## INFORMATION SHOWN
-- Opening Marker --

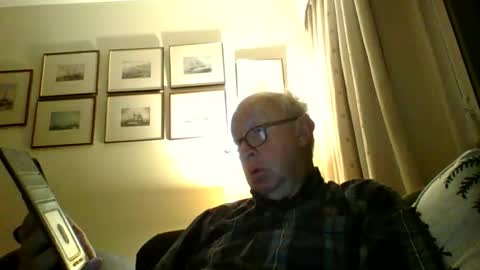 Snapshot of hotmuff99 chatting on October 19, 5:52 am hotmuff99 online show from October 19, 5:52 am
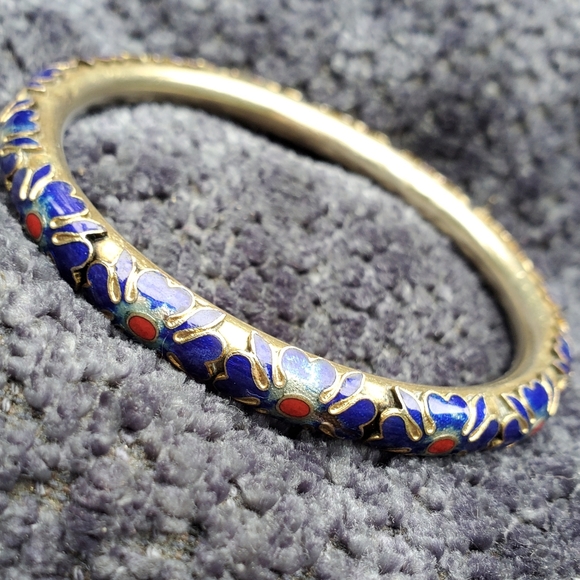 Vintage decorative enamel w/ gold tone bangle - Picture 11 of 12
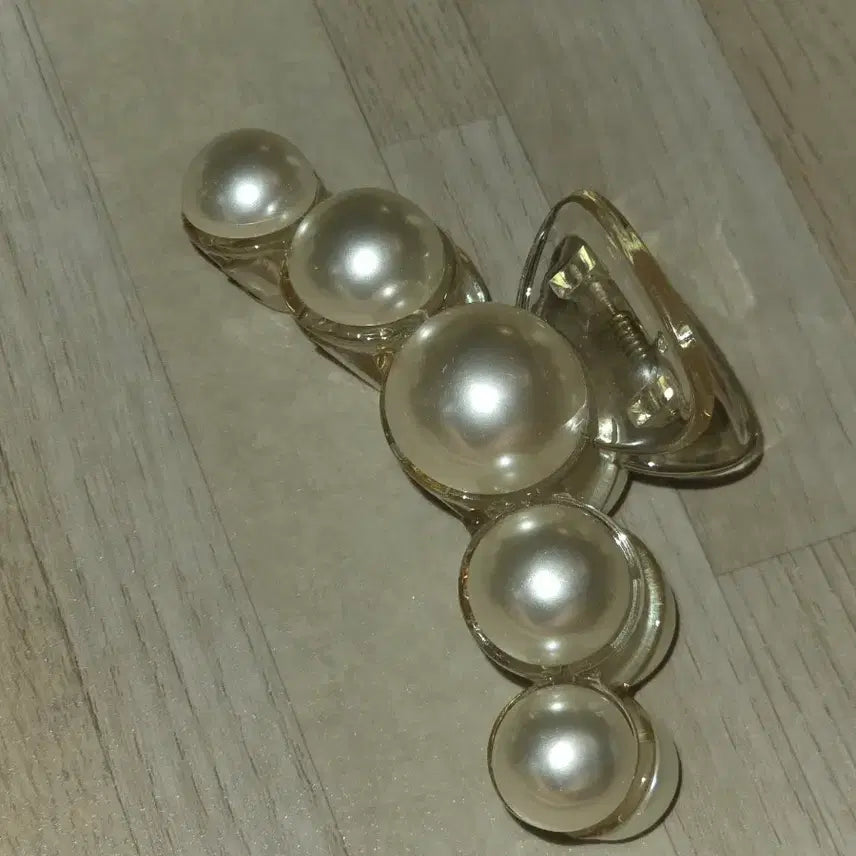 [BUNJANG] Korean-Made Pearl Claw Clip / 국내생산 진주알 집게핀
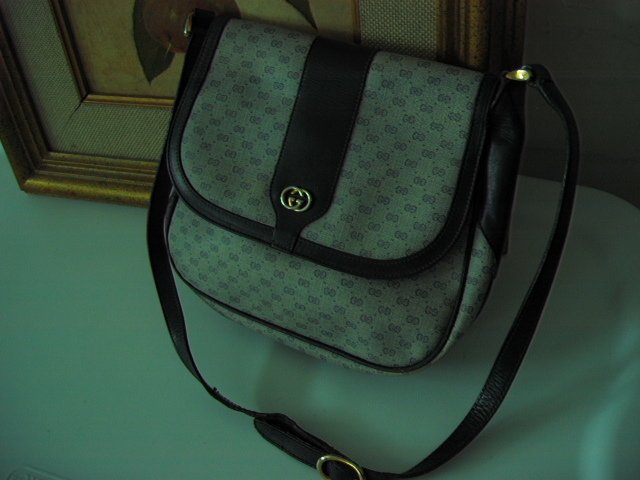 SOLD - AUTHENTIC GUCCI SIGNATURE HOBO BLACK GENUINE LEATHER ITALY - women's bag handbag purse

-- Closing Marker --

## WHAT TO WORK ON
Find the line containing "[BUNJANG] Korean-Made Pearl" in the listing above. Please restate word for word that line through the last one, leaving out the pictures.

## OUTPUT OF THE EXERCISE
 [BUNJANG] Korean-Made Pearl Claw Clip / 국내생산 진주알 집게핀
 SOLD - AUTHENTIC GUCCI SIGNATURE HOBO BLACK GENUINE LEATHER ITALY - women's bag handbag purse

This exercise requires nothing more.